Hobart City Council’s proposed short-stay accommodation ban is ill-considered and will cause immense damage to the local economy, and to the livelihoods of everyday Tasmanians who share their homes to help make ends meet.
This proposal is being considered at an extremely competitive time, when every destination in Australia is vying for returning tourism dollars and a bigger slice of the tourism pie in a once-in-a-generation travel comeback.
If introduced, such rules will place Hobart and Tasmania on a vastly unequal footing, and will ultimately hurt guests, local businesses and communities across the city and state by reducing choice, availability, and affordability of accommodation. This would have a significant impact on the availability of accommodation during events such as Dark Mofo and the Taste of Summer, when existing hotels are already full.
Housing availability and affordability is an extremely complex issue with a range of contributing factors, such as long-term population movements, supply growth and broader economic conditions, including a significantly reduced cost of borrowing. It is unfair to single out our Host community and blame them for what is ultimately a complex public policy issue.

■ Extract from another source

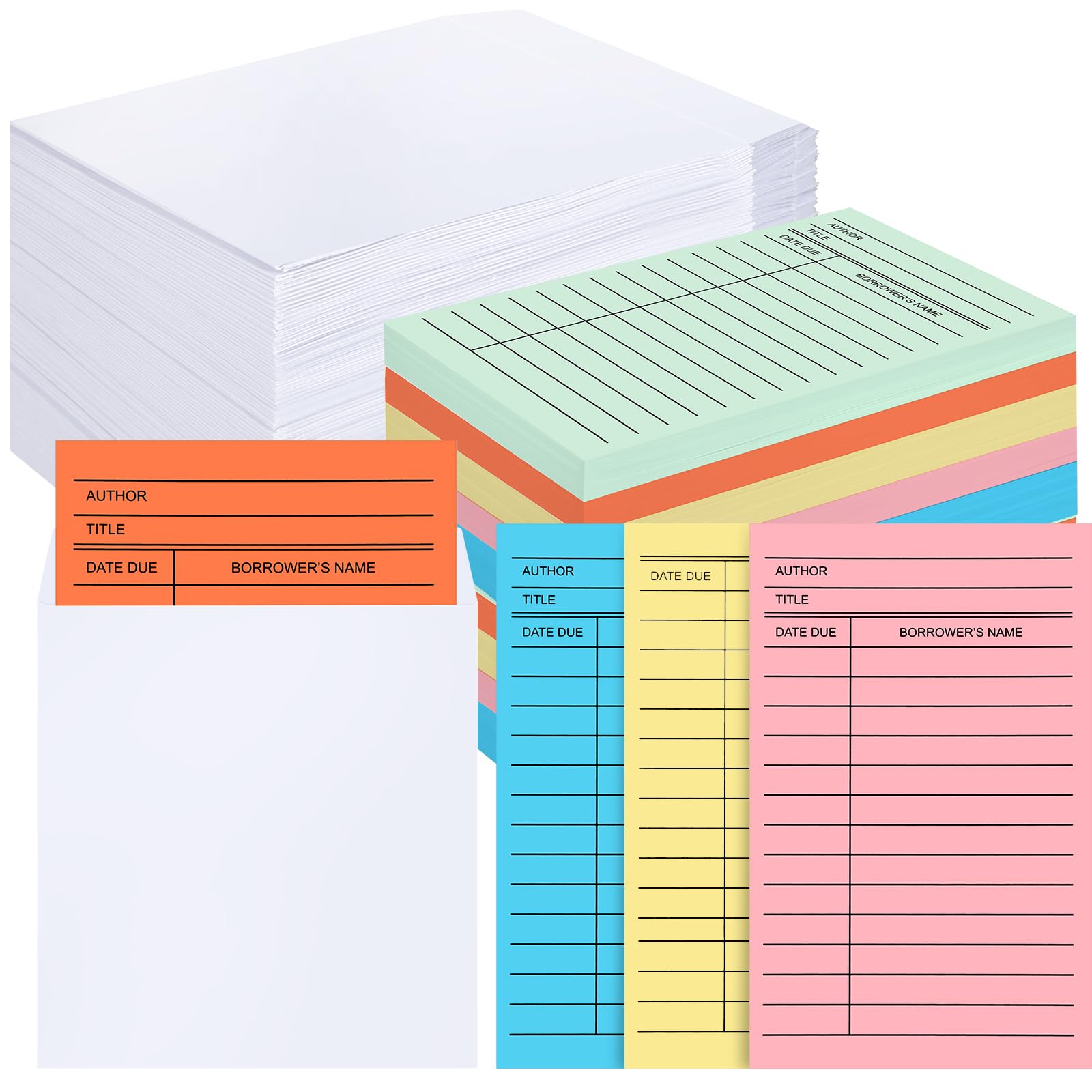Ireer 500 Pcs Library Card Pockets Book Pockets Self Adhesive Due Date Cards for Book Checkouts, Cds, DVDs, Classroom Supplies(Color Card, White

The latest official data from the Tasmanian Government shows that non-primary residences in Hobart City Council LGA used for short-stay accommodation represent less than 1 per cent of the total housing stock in Hobart.
It’s implausible this tiny fraction could be linked to any major contributing factor in overall rental affordability or supply.
Throughout the pandemic, large numbers of Australians have also permanently relocated from metropolitan areas to regional and coastal areas and purchased homes to live in. This also happened at a time largely characterised by both interstate and international border restrictions and reduced movements.
Prior to the COVID-19 pandemic, an Airbnb-commissioned report by Oxford Economics found that Airbnb guests spent more than $364 million in Tasmania in 2019, and supported 3,200 jobs across the state.
Many Hosts on Airbnb share their homes to help combat rising costs of living and meet mortgage repayments. In a survey* of Australian Hosts on Airbnb in 2021, a third of respondents said the primary reason they started hosting was to ‘make ends meet’. In turn, these Hosts help drive economic growth and job creation, with many local businesses relying on the valuable tourism dollars spent by Airbnb guests.
Hosts on Airbnb are very much focused on how they can play a role in helping to support jobs and economic recovery within their communities. But these recommendations, if pursued by Hobart City Council, would mean Hobart residents travelling interstate would be unable to list their homes on short-stay accommodation platforms while they are away.
Just this week, Council voted to investigate differential rates for short-stay accommodation properties. It’s difficult to see how that motion is consistent with this proposed ban.
*Survey dates from Feb 1, 2021 to Mar 3, 2021 for Homes Hosts in Australia who hosted a trip during 2020.
Notes to Editor: Excerpts from this statement can be attributed to Susan Wheeldon, Airbnb Country Manager for Australia and New Zealand.